Created on: April 05, 2009   Last Updated: July 25, 2010

For students in a nursing program, a nursing care plan is one of those things that they know they have to do but usually don't fully understand why. Even for seasoned nurses, a nursing care plan is an often misunderstood and dreaded part of health care. A good care plan is actually a type of guide that helps to ensure quality care by identifying important items which are necessary for the individualized care of each patient. Even though many nurses feel that it is not needed or just a waste of time, it actually helps to co-ordinate care among all of the various individuals involved in the care of each patient. It should include not only the nurses and care provided by them, but all individuals and departments which may play a part in a patient's care.

Basically, a nursing care plan is the plan of care for a patient to insure continuity of care during a hospitalization or other type of treatment plan where there is more than one person providing care. To begin a care plan, an assessment is done initially and repeated as necessary to assure that individual needs are being met and goals achieved. Problems and concerns are then identified after the initial assessment and may be physical, emotional or even social concerns. Some of the problems may be easily identified and resolved but for others the only thing that may be accomplished is making sure that the problem doesn't get worse.

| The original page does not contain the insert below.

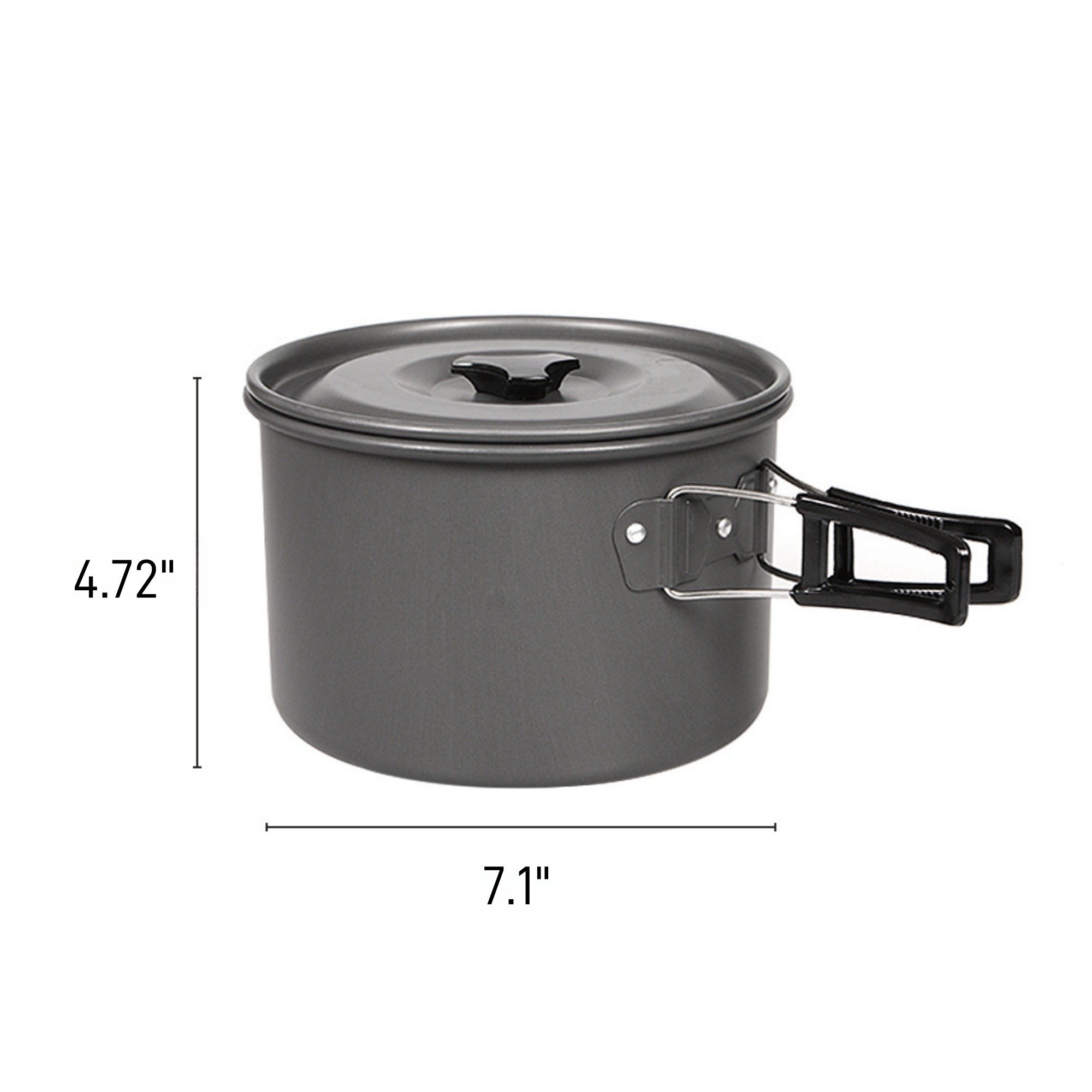 Boiler Camping Cookware 2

The next step in a care plan is to establish attainable goals for each problem that has been identified. Each goal should be specific to the problem and the interventions or ways the goals are to be reached should be identified and documented as they are completed. Each intervention should be something that is easily measured and also be a realistic way to address the problem it is supposed to be used for. Vague interventions should be avoided and be kept as specific and attainable as possible.

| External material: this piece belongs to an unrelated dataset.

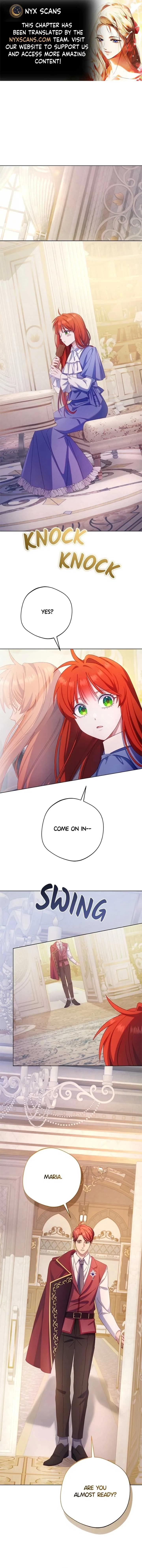 I’m a Villainess, but I Won’t Live Like One Chapter 15 page 2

Some problems that may be identified will possibly never improve or be completely taken care of. In cases like that, helping to prevent complications may be the only intervention possible. Even in cases like that, the goals and interventions used should still be measurable and documented. As conditions and specifics change, the problems should be looked at again and an attempt should be made to assist in preventing a worsening of the problem being worked with.

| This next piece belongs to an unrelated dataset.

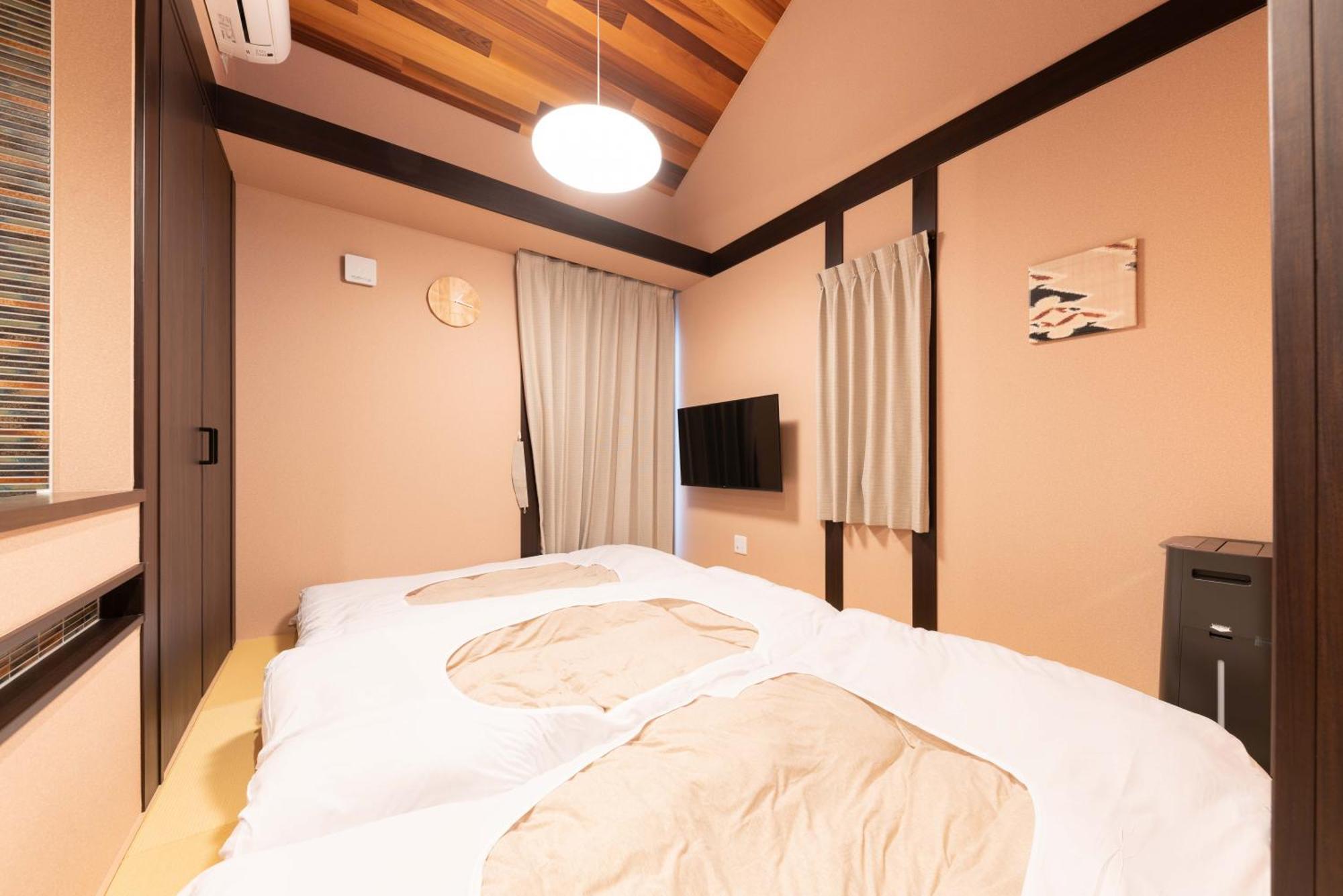 Ferienwohnung スタジオーネ 箱根強羅 West - Stagione Hakone Gora West Zimmer foto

A care plan is something that should be changed or revised as the condition of the patient changes. Problems may resolve or new problems arise requiring amendments to the existing plan. Ultimately, the reason a care plan is done is to ensure that a patient has the best possible outcome while in a health care facility. Through the use of a care plan, anyone that has contact with the patient should easily be able to care for them by using the information made available to them.